Prompt
Nothing in the data may be altered; the answer is a verbatim copy of it.

Stored records
□ □ □ □ □ □ □

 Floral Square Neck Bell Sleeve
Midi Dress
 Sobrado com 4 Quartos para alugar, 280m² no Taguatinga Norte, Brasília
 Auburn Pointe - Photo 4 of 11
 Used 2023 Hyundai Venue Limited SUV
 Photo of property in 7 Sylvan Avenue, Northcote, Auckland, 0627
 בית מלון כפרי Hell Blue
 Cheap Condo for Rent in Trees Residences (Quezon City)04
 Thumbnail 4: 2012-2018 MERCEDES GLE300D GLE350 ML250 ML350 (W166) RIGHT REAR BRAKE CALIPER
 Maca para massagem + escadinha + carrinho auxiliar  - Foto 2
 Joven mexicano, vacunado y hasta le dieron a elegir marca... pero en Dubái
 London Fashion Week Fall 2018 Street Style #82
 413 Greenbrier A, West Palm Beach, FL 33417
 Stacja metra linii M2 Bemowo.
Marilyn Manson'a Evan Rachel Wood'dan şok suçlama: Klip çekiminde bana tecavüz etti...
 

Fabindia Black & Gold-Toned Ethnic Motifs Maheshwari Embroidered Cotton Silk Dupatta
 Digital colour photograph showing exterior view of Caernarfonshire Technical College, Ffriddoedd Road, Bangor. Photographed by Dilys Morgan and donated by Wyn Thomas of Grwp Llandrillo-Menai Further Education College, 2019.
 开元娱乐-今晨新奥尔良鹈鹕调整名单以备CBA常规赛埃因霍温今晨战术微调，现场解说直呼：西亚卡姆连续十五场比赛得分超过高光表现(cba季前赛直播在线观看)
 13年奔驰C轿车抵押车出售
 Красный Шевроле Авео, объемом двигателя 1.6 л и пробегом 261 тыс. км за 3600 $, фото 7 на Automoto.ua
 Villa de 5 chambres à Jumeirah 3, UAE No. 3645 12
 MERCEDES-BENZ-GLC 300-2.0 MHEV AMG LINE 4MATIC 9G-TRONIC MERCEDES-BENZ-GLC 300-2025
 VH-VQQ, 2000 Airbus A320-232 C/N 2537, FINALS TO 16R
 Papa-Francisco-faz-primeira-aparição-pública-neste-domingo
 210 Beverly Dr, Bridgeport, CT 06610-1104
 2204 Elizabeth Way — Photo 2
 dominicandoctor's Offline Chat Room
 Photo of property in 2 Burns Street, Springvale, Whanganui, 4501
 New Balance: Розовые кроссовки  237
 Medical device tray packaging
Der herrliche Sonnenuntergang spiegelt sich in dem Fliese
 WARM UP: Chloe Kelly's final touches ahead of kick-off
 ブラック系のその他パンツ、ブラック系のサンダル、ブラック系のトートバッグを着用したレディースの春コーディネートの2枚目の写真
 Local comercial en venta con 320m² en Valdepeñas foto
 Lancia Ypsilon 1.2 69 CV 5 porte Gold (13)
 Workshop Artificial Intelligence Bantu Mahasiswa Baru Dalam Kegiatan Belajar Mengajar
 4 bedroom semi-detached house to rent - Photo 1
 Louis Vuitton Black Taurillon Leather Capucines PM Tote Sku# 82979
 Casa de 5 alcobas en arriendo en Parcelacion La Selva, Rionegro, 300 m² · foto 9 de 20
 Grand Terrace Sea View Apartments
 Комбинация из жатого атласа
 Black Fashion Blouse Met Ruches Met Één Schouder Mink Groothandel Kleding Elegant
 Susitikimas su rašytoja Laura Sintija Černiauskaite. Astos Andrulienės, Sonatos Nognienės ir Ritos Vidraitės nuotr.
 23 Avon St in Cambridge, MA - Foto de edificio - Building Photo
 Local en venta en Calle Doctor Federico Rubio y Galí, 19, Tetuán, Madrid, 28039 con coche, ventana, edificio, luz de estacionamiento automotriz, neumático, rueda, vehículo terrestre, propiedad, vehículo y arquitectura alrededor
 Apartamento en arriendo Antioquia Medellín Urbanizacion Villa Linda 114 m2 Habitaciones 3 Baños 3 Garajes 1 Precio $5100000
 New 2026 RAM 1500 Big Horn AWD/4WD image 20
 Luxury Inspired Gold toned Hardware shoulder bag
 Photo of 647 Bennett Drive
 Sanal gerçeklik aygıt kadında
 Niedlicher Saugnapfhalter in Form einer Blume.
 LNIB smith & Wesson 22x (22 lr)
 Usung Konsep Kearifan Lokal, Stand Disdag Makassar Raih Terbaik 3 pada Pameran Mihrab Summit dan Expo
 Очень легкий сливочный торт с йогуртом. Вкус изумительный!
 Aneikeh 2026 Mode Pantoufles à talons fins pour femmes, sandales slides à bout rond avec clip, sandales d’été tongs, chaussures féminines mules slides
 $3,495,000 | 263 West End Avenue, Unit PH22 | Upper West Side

□ □ □ □ □ □ □

Answer section
 Floral Square Neck Bell Sleeve
Midi Dress
 Sobrado com 4 Quartos para alugar, 280m² no Taguatinga Norte, Brasília
 Auburn Pointe - Photo 4 of 11
 Used 2023 Hyundai Venue Limited SUV
 Photo of property in 7 Sylvan Avenue, Northcote, Auckland, 0627
 בית מלון כפרי Hell Blue
 Cheap Condo for Rent in Trees Residences (Quezon City)04
 Thumbnail 4: 2012-2018 MERCEDES GLE300D GLE350 ML250 ML350 (W166) RIGHT REAR BRAKE CALIPER
 Maca para massagem + escadinha + carrinho auxiliar  - Foto 2
 Joven mexicano, vacunado y hasta le dieron a elegir marca... pero en Dubái
 London Fashion Week Fall 2018 Street Style #82
 413 Greenbrier A, West Palm Beach, FL 33417
 Stacja metra linii M2 Bemowo.
Marilyn Manson'a Evan Rachel Wood'dan şok suçlama: Klip çekiminde bana tecavüz etti...
 

Fabindia Black & Gold-Toned Ethnic Motifs Maheshwari Embroidered Cotton Silk Dupatta
 Digital colour photograph showing exterior view of Caernarfonshire Technical College, Ffriddoedd Road, Bangor. Photographed by Dilys Morgan and donated by Wyn Thomas of Grwp Llandrillo-Menai Further Education College, 2019.
 开元娱乐-今晨新奥尔良鹈鹕调整名单以备CBA常规赛埃因霍温今晨战术微调，现场解说直呼：西亚卡姆连续十五场比赛得分超过高光表现(cba季前赛直播在线观看)
 13年奔驰C轿车抵押车出售
 Красный Шевроле Авео, объемом двигателя 1.6 л и пробегом 261 тыс. км за 3600 $, фото 7 на Automoto.ua
 Villa de 5 chambres à Jumeirah 3, UAE No. 3645 12
 MERCEDES-BENZ-GLC 300-2.0 MHEV AMG LINE 4MATIC 9G-TRONIC MERCEDES-BENZ-GLC 300-2025
 VH-VQQ, 2000 Airbus A320-232 C/N 2537, FINALS TO 16R
 Papa-Francisco-faz-primeira-aparição-pública-neste-domingo
 210 Beverly Dr, Bridgeport, CT 06610-1104
 2204 Elizabeth Way — Photo 2
 dominicandoctor's Offline Chat Room
 Photo of property in 2 Burns Street, Springvale, Whanganui, 4501
 New Balance: Розовые кроссовки  237
 Medical device tray packaging
Der herrliche Sonnenuntergang spiegelt sich in dem Fliese
 WARM UP: Chloe Kelly's final touches ahead of kick-off
 ブラック系のその他パンツ、ブラック系のサンダル、ブラック系のトートバッグを着用したレディースの春コーディネートの2枚目の写真
 Local comercial en venta con 320m² en Valdepeñas foto
 Lancia Ypsilon 1.2 69 CV 5 porte Gold (13)
 Workshop Artificial Intelligence Bantu Mahasiswa Baru Dalam Kegiatan Belajar Mengajar
 4 bedroom semi-detached house to rent - Photo 1
 Louis Vuitton Black Taurillon Leather Capucines PM Tote Sku# 82979
 Casa de 5 alcobas en arriendo en Parcelacion La Selva, Rionegro, 300 m² · foto 9 de 20
 Grand Terrace Sea View Apartments
 Комбинация из жатого атласа
 Black Fashion Blouse Met Ruches Met Één Schouder Mink Groothandel Kleding Elegant
 Susitikimas su rašytoja Laura Sintija Černiauskaite. Astos Andrulienės, Sonatos Nognienės ir Ritos Vidraitės nuotr.
 23 Avon St in Cambridge, MA - Foto de edificio - Building Photo
 Local en venta en Calle Doctor Federico Rubio y Galí, 19, Tetuán, Madrid, 28039 con coche, ventana, edificio, luz de estacionamiento automotriz, neumático, rueda, vehículo terrestre, propiedad, vehículo y arquitectura alrededor
 Apartamento en arriendo Antioquia Medellín Urbanizacion Villa Linda 114 m2 Habitaciones 3 Baños 3 Garajes 1 Precio $5100000
 New 2026 RAM 1500 Big Horn AWD/4WD image 20
 Luxury Inspired Gold toned Hardware shoulder bag
 Photo of 647 Bennett Drive
 Sanal gerçeklik aygıt kadında
 Niedlicher Saugnapfhalter in Form einer Blume.
 LNIB smith & Wesson 22x (22 lr)
 Usung Konsep Kearifan Lokal, Stand Disdag Makassar Raih Terbaik 3 pada Pameran Mihrab Summit dan Expo
 Очень легкий сливочный торт с йогуртом. Вкус изумительный!
 Aneikeh 2026 Mode Pantoufles à talons fins pour femmes, sandales slides à bout rond avec clip, sandales d’été tongs, chaussures féminines mules slides
 $3,495,000 | 263 West End Avenue, Unit PH22 | Upper West Side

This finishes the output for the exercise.